**Problem to solve:**
Word for word, repeat each line of the listing below.

**Recorded data:**
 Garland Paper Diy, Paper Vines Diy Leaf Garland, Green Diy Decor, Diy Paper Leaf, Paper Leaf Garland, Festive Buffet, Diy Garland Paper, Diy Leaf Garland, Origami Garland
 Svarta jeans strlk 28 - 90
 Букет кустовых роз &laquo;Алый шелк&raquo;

**Task response:**
 Garland Paper Diy, Paper Vines Diy Leaf Garland, Green Diy Decor, Diy Paper Leaf, Paper Leaf Garland, Festive Buffet, Diy Garland Paper, Diy Leaf Garland, Origami Garland
 Svarta jeans strlk 28 - 90
 Букет кустовых роз &laquo;Алый шелк&raquo;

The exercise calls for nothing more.